- _Data for processing_
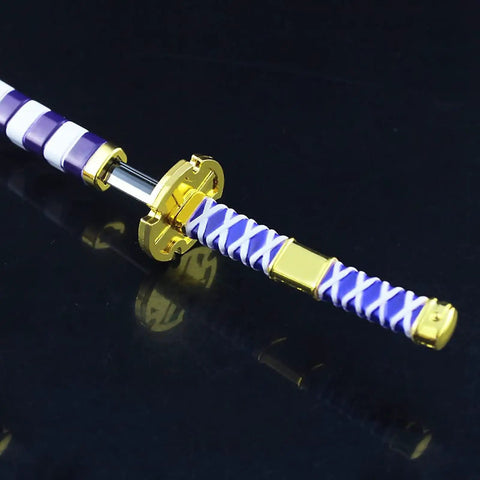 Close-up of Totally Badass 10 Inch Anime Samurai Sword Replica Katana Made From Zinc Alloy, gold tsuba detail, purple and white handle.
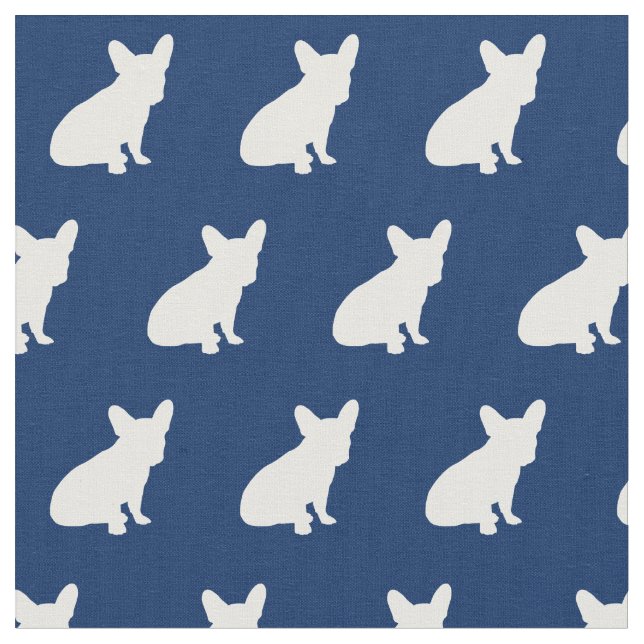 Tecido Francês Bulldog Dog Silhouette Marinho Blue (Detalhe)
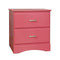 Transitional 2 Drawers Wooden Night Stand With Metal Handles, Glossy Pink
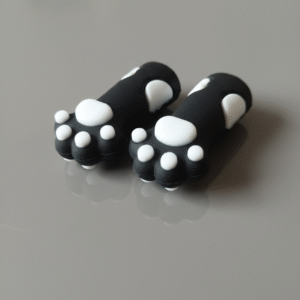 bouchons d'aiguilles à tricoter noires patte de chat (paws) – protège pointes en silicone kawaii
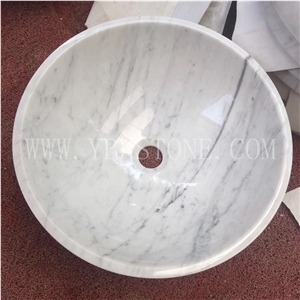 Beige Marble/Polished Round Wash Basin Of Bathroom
==
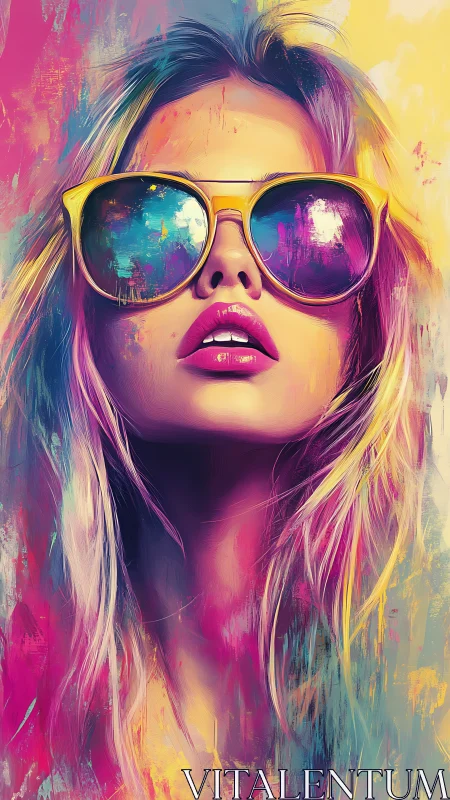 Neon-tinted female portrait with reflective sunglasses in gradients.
--
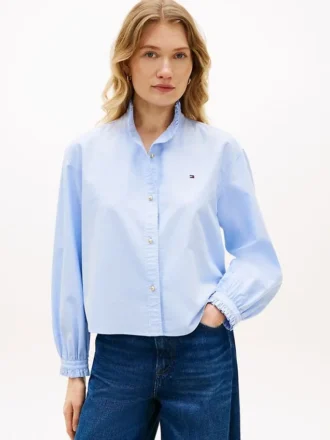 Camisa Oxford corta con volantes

- _Task to complete_
Reproduce the data above exactly, but only the lines from the one showing "Close-up of Totally" through the one showing "Beige Marble/Polished Round", with both ends kept and the pictures left out.

- _Output for this exercise_
 Close-up of Totally Badass 10 Inch Anime Samurai Sword Replica Katana Made From Zinc Alloy, gold tsuba detail, purple and white handle.
 Tecido Francês Bulldog Dog Silhouette Marinho Blue (Detalhe)
 Transitional 2 Drawers Wooden Night Stand With Metal Handles, Glossy Pink
 bouchons d'aiguilles à tricoter noires patte de chat (paws) – protège pointes en silicone kawaii
 Beige Marble/Polished Round Wash Basin Of Bathroom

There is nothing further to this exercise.